Hanna: There are methods of trying to assess how much bias exists within an algorithm such as computational methods that depend on whether the modality is images or text. For text, you can compare the co-occurrences and differences of racialized or gendered words and identify associations and co-occurrences with negative words. For instance, finding how many times “man” or “woman” co-occurs with a professionalized term like “doctor” or “nurse.” But I would say that there are no surefire ways of debiasing a data set because bias is always going to be embedded in some way. If you try to “debias” a language dataset for a gendered dimension or a racial dimension, for instance, you may also miss the intersection of these, or you miss debiasing by ableist language. At some point, you also must state your values up front, state how you are choosing to encode individuals, and explicitly talk about how you are defining parity. Some things cannot be expressed merely in terms of bias. The way bias is often discussed is as an undue preference for one class versus another, but that requires one to focus on defined classes. For instance, in gender bias, the data set standard is usually only framed in terms of male versus female, and that already erases nonbinary people and people who do not fit within a Western gender binary. In terms of racial bias, under U.S. discrimination law, racial bias is meant to be symmetric. We tend to think about ensuring that there is a definition of fairness that purports to need a requisite number of Black individuals in the population compared to a general population. For instance, the way that the U.S. has successfully argued — let's say for affirmative action — has been with the inclusion of men, because it is symmetric. But if you are saying, we need a way to ameliorate past harms, such as the U.S. legacy of chattel slavery or the decades of carceral immigration schemes, that also encodes a notion of what bias is and how you counter that bias. I say all the time, there is no such thing as a bias-free data set. You can mitigate bias by making value commitments expressive and outlining them from the outset. We need to start there.

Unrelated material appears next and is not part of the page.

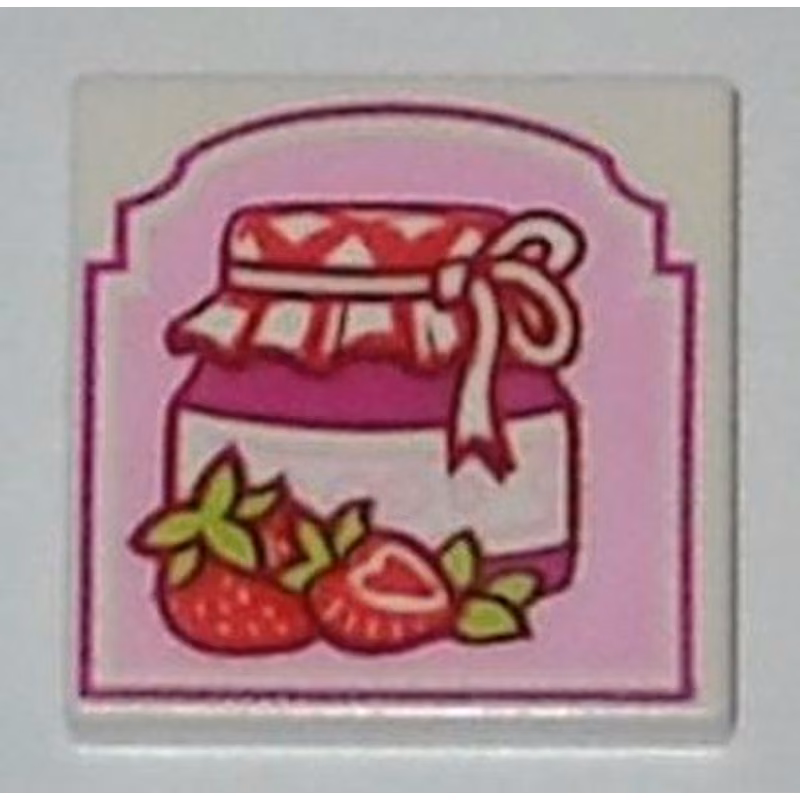 Tile 2 x 2 with Strawberry Preserves Pattern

Lázaro: Can AI systems be used to improve gender and racial equality for better outcomes? For example, is there a way for AI to be a positive force for good, and what would it take to improve the AI systems to become fair and equitable?

Hanna: We think a lot about AI for more beneficial purposes at DAIR. A project we are working on is focusing on using AI tools for the mitigation of harms that are existing on current social media platforms. For instance, we have been developing a project on identifying hate speech and disinformation against the Tigrayan minority in Ethiopia, an outcome of the Ethiopian civil war. It is a failure of tech companies, especially platforms, to do the sufficient work in mitigating the abuses on the platforms targeting activists, advocates, journalists, and lawyers. Companies are having a hard time doing content moderation at scale since they have not sufficiently provided machine translation tools to translate from Amharic and Tigrinya to English nor have individuals who can read those texts in the original language.

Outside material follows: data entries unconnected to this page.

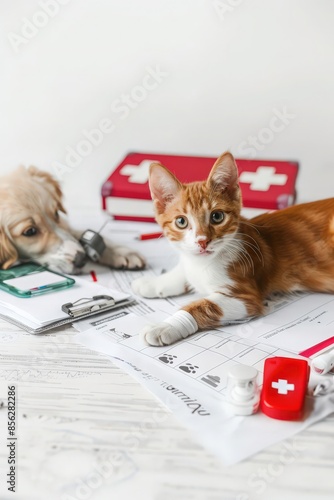 Сute cat with a bandaged paw is lying on the table with a first aid kit. Picture of veterinary care, animal care, first aid for animals, pet insurance, animal pharmacy, treatment and care for pets.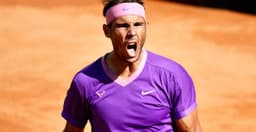 Rafael Nadal vibra em duelo contra Denis Shapovalov em Roma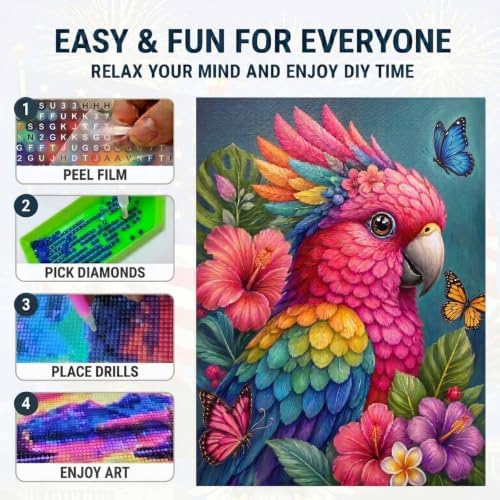 TOPCLTV Parrot Diamond Art Kits for Adults,Tropical Bird Diamond Painting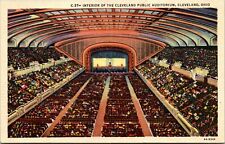 Vtg Cleveland Ohio OH Interior of the Public Auditorium 1930s Linen Postcard picture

One thing that could be developed, and we are helping to develop, is a set of natural language processing tools that could assess and try to detect, at least at first blush, the elements of misinformation, disinformation, and hate speech. This work is already complicated in English, as there is no good agreement on what constitutes hate speech in AI research, so the complexity increases in other languages. Another way is to use some of the tools that we know can detect bias to assess data sets. That is not even necessarily AI, but it is a way of assessing how unbalanced the data set may be. It might be a place to start but it is certainly not the end.

Lázaro: What roles and responsibilities do businesses, data scientists, engineers, and society overall have to ensure that development and implementation of AI systems is done responsibly?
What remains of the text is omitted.